Nation/World

Sen. Murray recounts harrowing tale of hiding in her office as rioters stormed the Capitol

WASHINGTON - The power had been cut, her phone was running out of battery, she couldn’t find a gas mask, and her husband was propping his foot against the door as a group of insurrectionists on the other side chanted, “Kill the infidels.”

Sen. Patty Murray, D-Wash., was under siege for more than an hour inside a room in the Capitol on Jan. 6, inches away from an “incredibly loud, angry, even jubilant mob outside our door,” she recalled in a Friday interview with “PBS NewsHour.”

Murray was preparing for a debate on certifying Joe Biden’s victory in the 2020 presidential election. Her husband of 49 years, Rob Murray, was with her in the Capitol. She texted her family that she was safe. Then chaos broke loose.

“We heard loud explosions,” Murray told anchor Judy Woodruff. “My husband yelled at me to get down. We were lying on the floor. And all of a sudden, they were in the hall, they were yelling. They were yelling that they had breached the castle. They were yelling, ‘Kill the infidels.’ "

“We saw them there in one of these rooms, and they were pounding on our door and trying to open it. And my husband sat with his foot against the door, praying that it would not break in. I was not safe. It was a horrific feeling, and it lasted for a long time.”

Murray was crawling on the floor, trying to locate a gas mask, hoping she had locked the door her husband was guarding, she recalled. Many lawmakers have spoken out about their harrowing experiences and close encounters on Jan. 6, as a pro-Trump mob stormed the Capitol in a bid to stop Biden’s victory from becoming official.

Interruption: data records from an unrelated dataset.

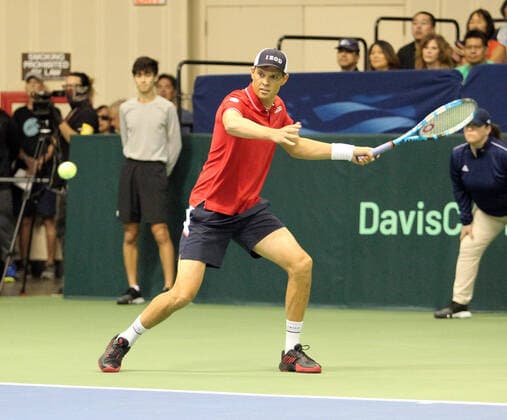 March 7, 2020 - Bob Bryan (USA) during a Davis Cup by Rakuten Qualifier doubles match between Sanjar Fayziev (UZB) Denis Istomin (UZB) and Bob Bryan (USA) Mike Bryan (USA) at the Neal Blaisdell Center in Honolulu, HI - CSM Honolulu USA - ZUMAc04_ 20200307_zaf_c04_256 Copyright: xMichaelxSullivanx
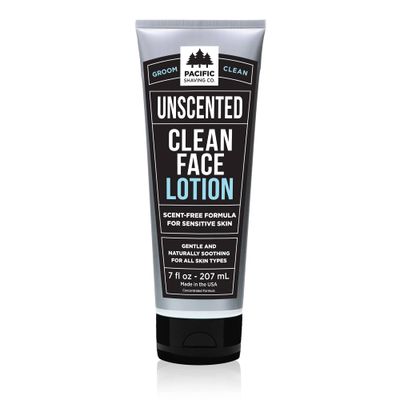 Pacific Shaving Company Clean Face Lotion - Hydrating Face Moisturizer with Avocado Jojoba Oil - Fragrance-Free Skin Care Products for Men - Lightweight Clean Face Lotion for Sensitive Skin (7 Oz)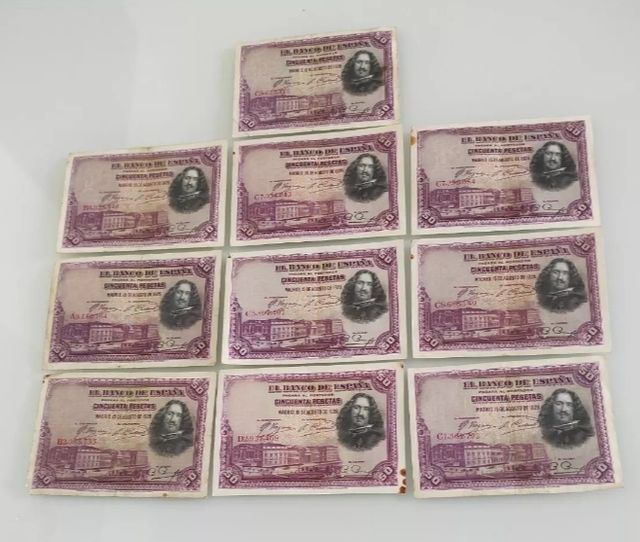 Lotto di 10 banconote da 50 pesetas 1928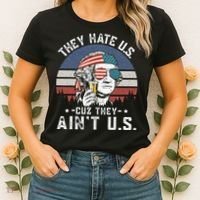 They Hate Us Cuz They Ain't Us Funny Fourth 4th of July Women's T-Shirt thumb 2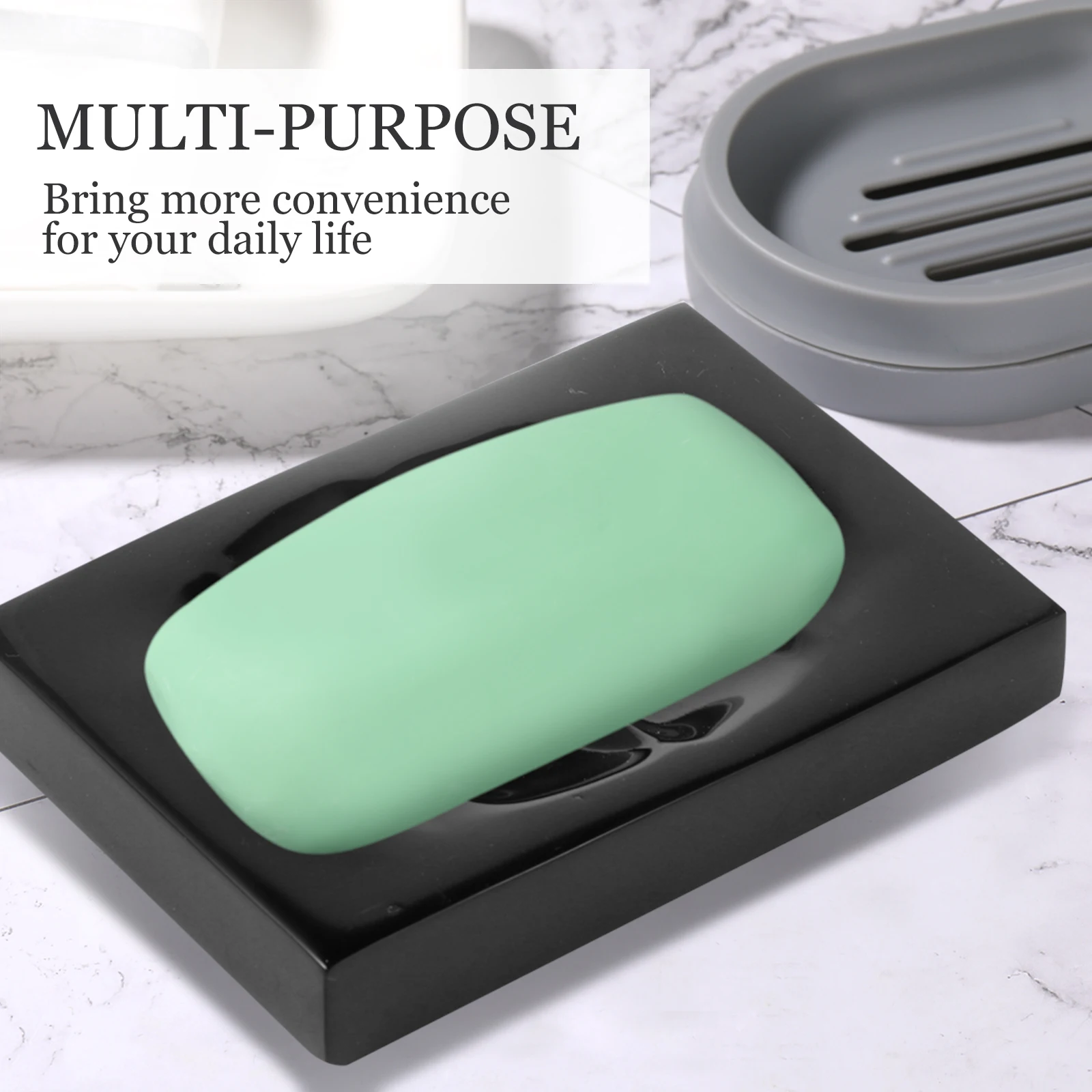 

Waterproof Resin Soap Tray Scratchproof Odorless Mold Proof Easy Clean Multi Purpose Holder For Bathroom Kitchen Toilet Use Soap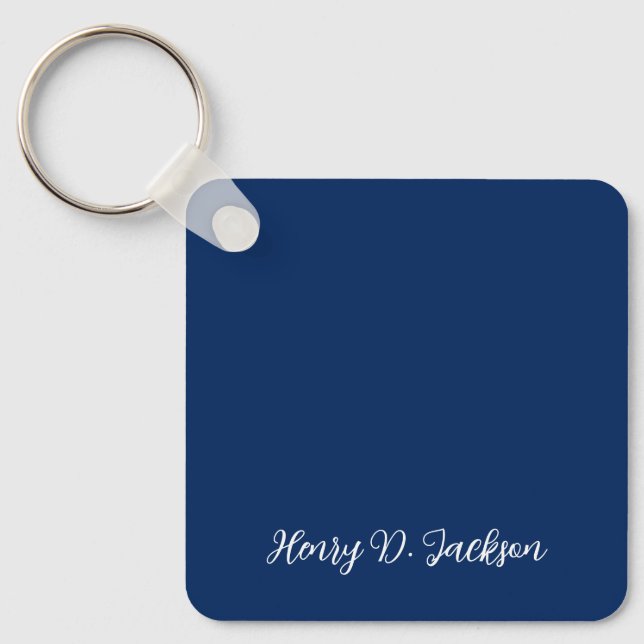 Unique Navy Blue Classical Handwriting Plain Key Ring (Front)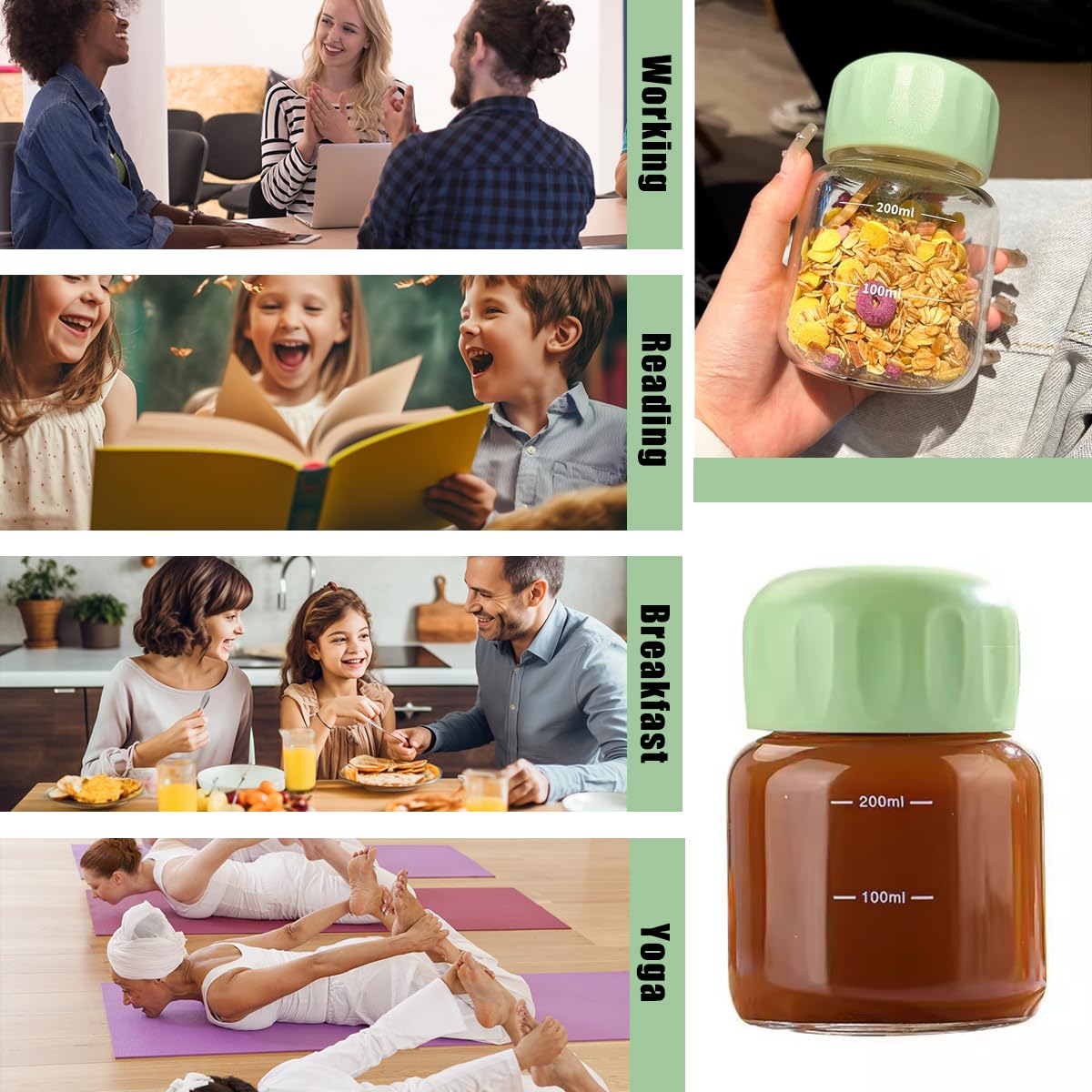 Danmu Glass Juice Bottles With Lids 10Oz,Juicing Bottles Reusable Glass 100% Leakproof,Glass Bottles For Juicing,Water,Kombucha,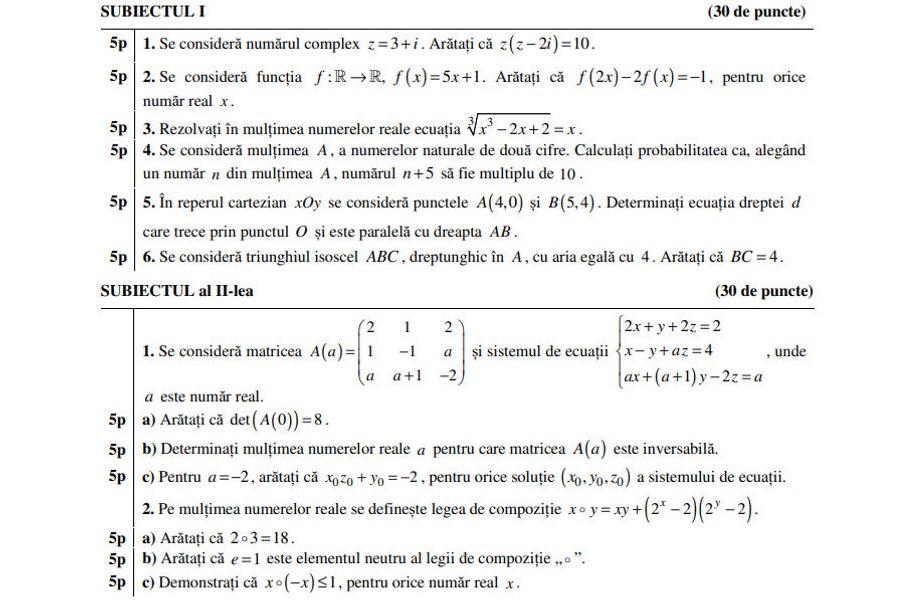  Teste de antrenament la Bacalaureat 2024. Modele de subiecte la Matematică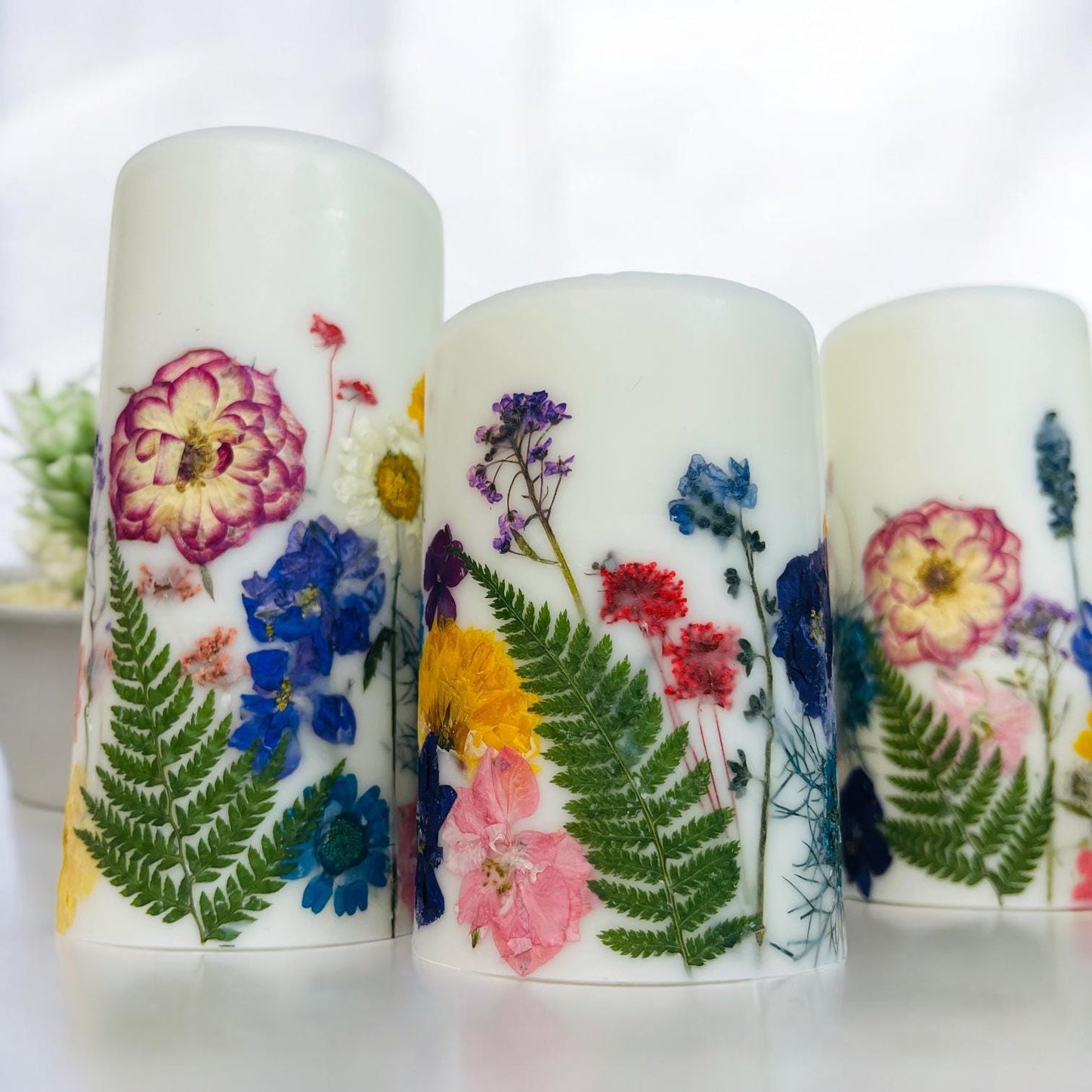 Hand Pressed Botanical Pillar Candle: Tropical Floral Design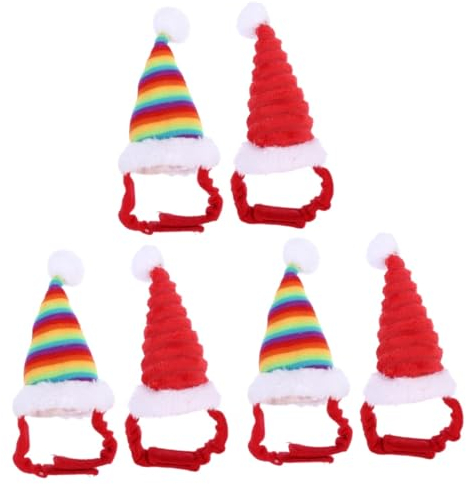 Sosoport 6 STK Hamster-Weihnachtsmütze Lutscherhut Kopfbedeckung für Haustiermützen weihnachtskostüm für Katzen Kleintier Weihnachtskostüm Tiara Hüte Weihnachtskopfschmuck für Haustiere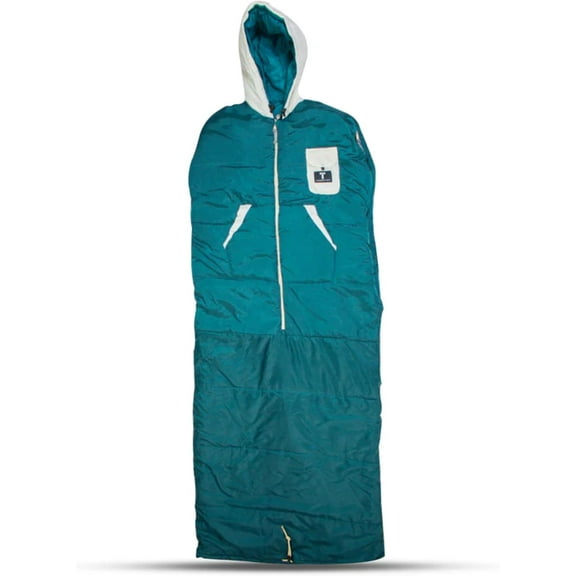 Thermotuff Wearable Sleeping Bag with Dual Hoodie, Zippered Arm Holes, Pockets & Adjustable Drawstring - Ideal for Camping, Cold Weather Hiking, and Stadium Sak Blanket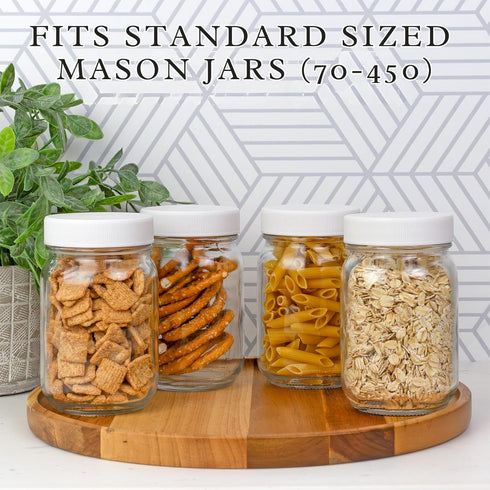 Cornucopia Brands White Plastic Standard Mason Jar Lids (24-Pack); Regular Mouth Lined Storage Caps...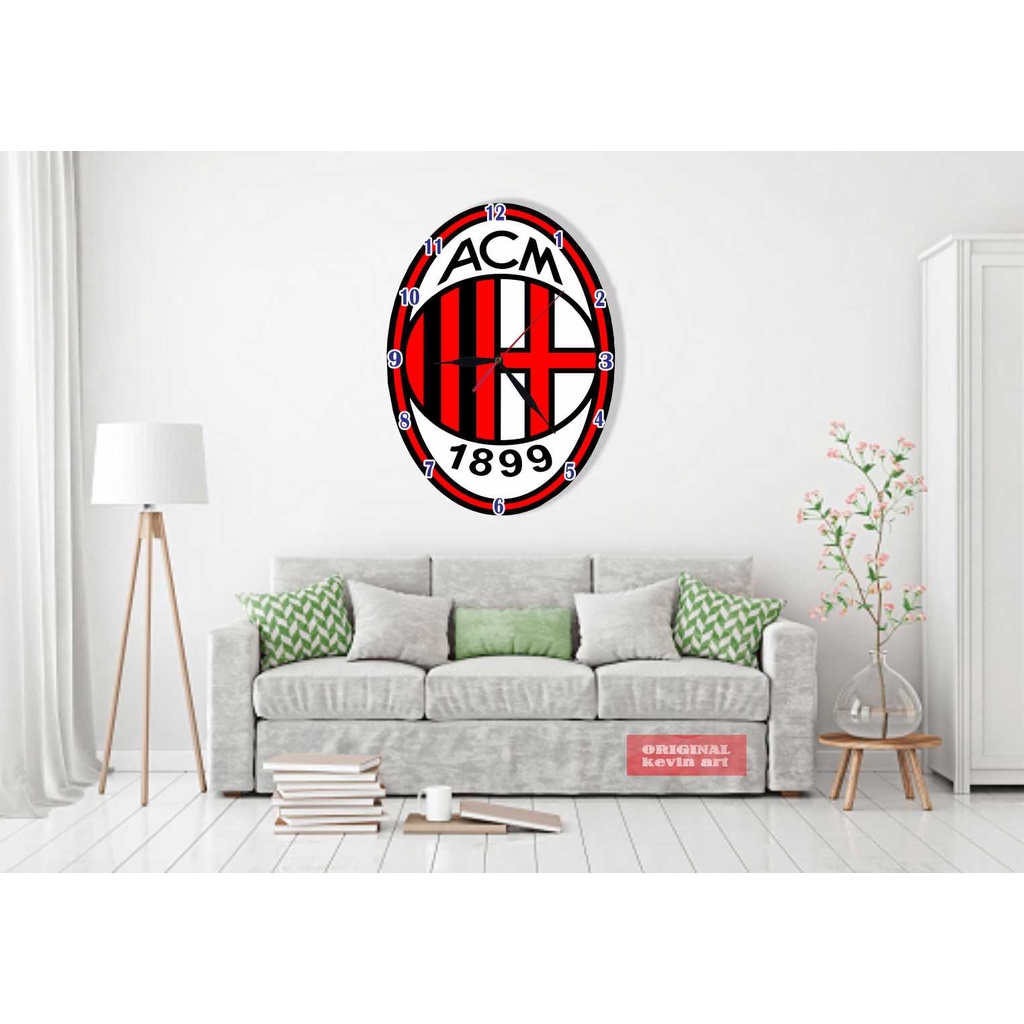 JAM DINDING KAYU UNIK KARAKTER GAMBAR MOTIF ACMILAN VINTAGE MURAH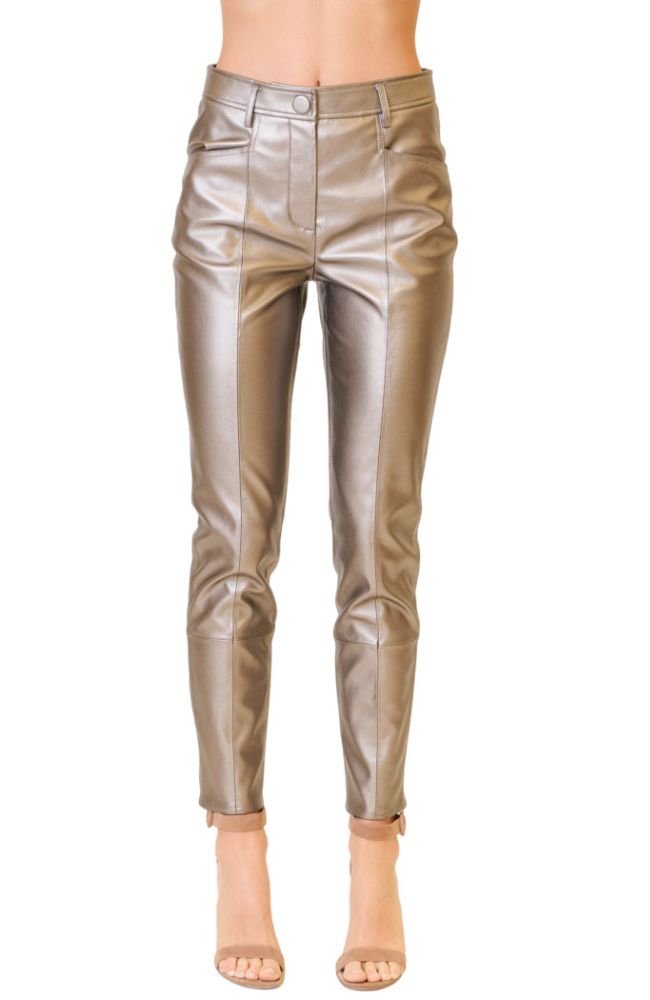 Rue Faux Leather Pants Silver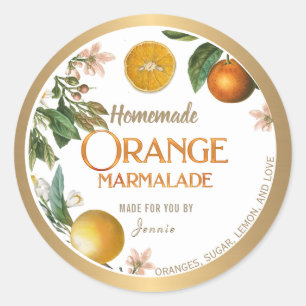 Guld Borderade Homemade Marmalade Sylt Jelly Label Runt Klistermärke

Rep. Alexandria Ocasio-Cortez, D-N.Y., has said she had a “very close encounter where I thought I was going to die,” though she did not get into specifics for security reasons. Video first shown during former president Donald Trump’s impeachment trial showed how Sen. Mitt Romney, R-Utah, was feet away from the mob when Capitol Police Officer Eugene Goodman ran into him and turned him away to safety.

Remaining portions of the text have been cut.